Here’s a fun thought experiment (well, at least fun for researcher-types). Imagine you just discovered that two of your district partner’s firmly entrenched initiatives are not cost-effective. What would you do? 

Now, would your answer change if we told you that the findings came amidst a global pandemic and widespread social unrest over justice reform, and that those two key initiatives were a school nurse program and restorative practices? That’s the exact situation we faced last year in Jefferson County Public Schools (JCPS) in Louisville, KY. Fortunately, the process of conducting rigorous cost analyses of these programs unearthed critical evidence to help explain mostly null impact findings and inform very real changes in practice at JCPS.

Cost-Effectiveness Analysis Revealed Missing Program Components

Our team of researchers from Teachers College, Columbia University and American University, and practitioners from JCPS had originally planned to use cost-effectiveness analysis (CEA) to evaluate the validity of a practical measure of academic return on investment for improving school budget decisions. With the gracious support of JCPS program personnel in executing our CEAs, we obtained a treasure trove of additional quantitative and qualitative cost and implementation data, which proved to be invaluable.

Specifically, for the district’s school nurse program, the lack of an explicit theory of change, of standardized evidence-based practices across schools, and of a monitoring plan were identified as potential explanations for our null impact results. In one of our restorative practices cost interviews, we discovered that a key element of the program, restorative conferences, was not being implemented at all due to time constraints and staffing challenges, which may help explain the disappointing impact results.

Changes in Practice

In theory, our CEA findings indicated that JCPS should find more cost-effective alternatives to school nursing and restorative practices. In reality, however, both programs were greatly expanded; school nursing in response to COVID and restorative practices because JCPS leadership has committed to moving away from traditional disciplinary practices. Our findings regarding implementation, however, lead us to believe that key changes can lead to improved student outcomes for both.
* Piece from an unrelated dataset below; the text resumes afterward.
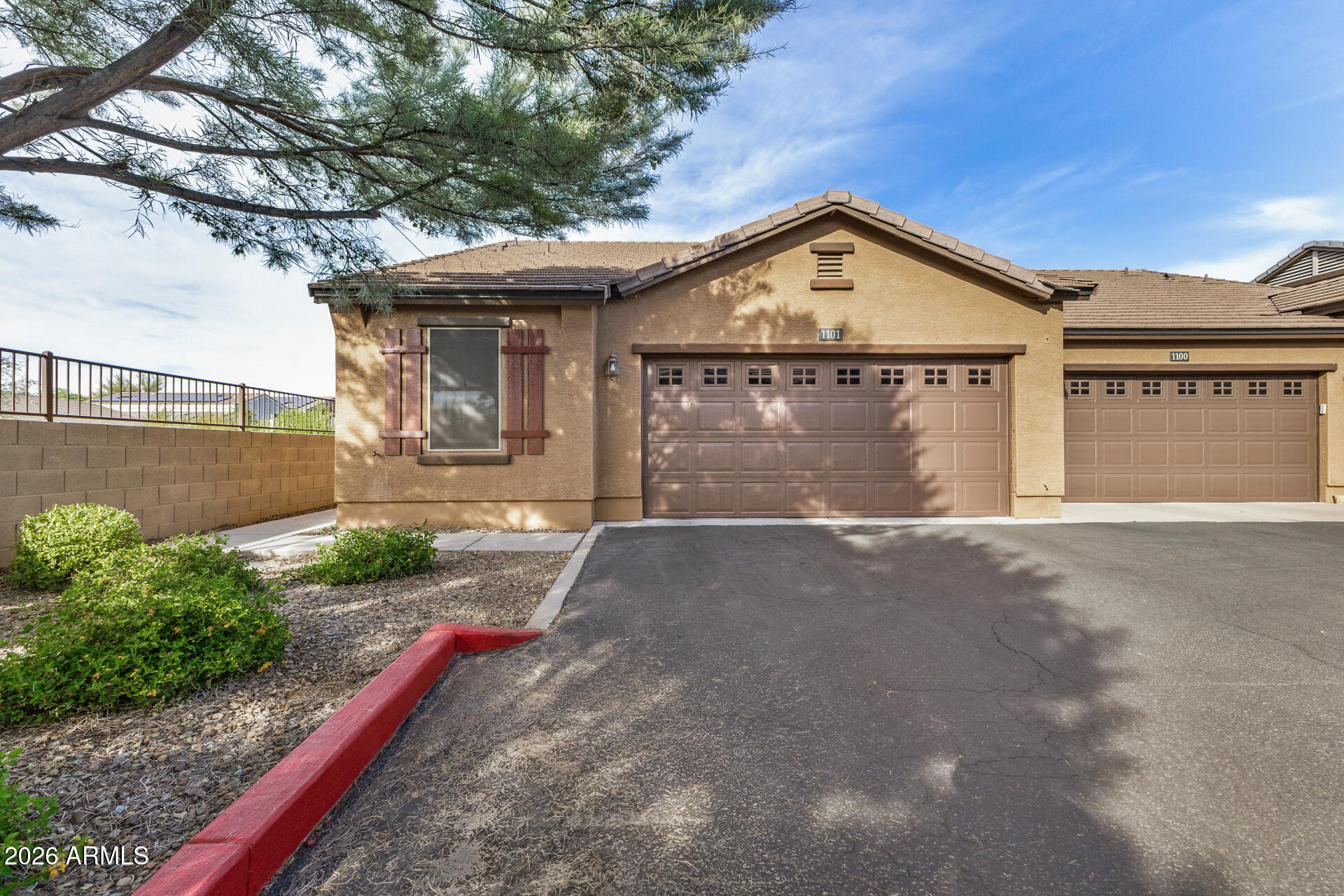 2725 E MINE CREEK Road 1101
In response to recommendations from the team, JCPS is developing a training manual for new nurses, a logic model illustrating how specific nursing activities can lead to better outcomes, and a monitoring plan. For restorative practices, while we still have a ways to go, the JCPS team is continuing to work with program personnel to improve implementation.

One encouraging finding from our CEA was that, despite imperfect implementation, suspension rates for Black students were lower in schools that had implemented restorative practices for two years compared to Black students in schools implementing the program for one year. Our hope is that further research will identify the aspects of restorative practices most critical for equitably improving school discipline and climate.

Process and Partnership

Our experience highlights unexpected benefits that can result when researchers and practitioners collaborate on all aspects of cost-effectiveness analysis, from collecting data to applying findings to practice. In fact, we are convinced that the ongoing improvements discussed here would not have been possible apart from the synergistic nature of our partnership. While the JCPS team included seasoned evaluators and brought front-line knowledge of program implementation, information systems, data availability, and district priorities, our research partners brought additional research capacity, methodological expertise, and a critical outsider’s perspective.

Together, we discovered that the process of conducting cost-effectiveness analysis can provide valuable information normally associated with fidelity of implementation studies. Knowledge gained during the cost analysis process helped to explain our less-than-stellar impact results and led to key changes in practice. In the second blog of this series, we’ll share how the process of conducting CEA and value-added analysis led to changes in practice extending well beyond the specific programs we investigated.


Stephen M. Leach is a Program Analysis Coordinator at JCPS and PhD Candidate in Educational Psychology Measurement and Evaluation at the University of Louisville.

Dr. Fiona Hollands is a Senior Researcher at Teachers College, Columbia University.

Dr. Bo Yan is a Research and Evaluation Specialist at JCPS.

Dr. Robert Shand is an Assistant Professor at American University.

If you have any questions, please contact Corinne Alfeld (Corinne.Alfeld@ed.gov), IES-NCER Grant Program Officer.

Data Collection for Cost Analysis in an Efficacy Trial

This blog is part of a guest series by the Cost Analysis in Practice (CAP) project team to discuss practical details regarding cost studies.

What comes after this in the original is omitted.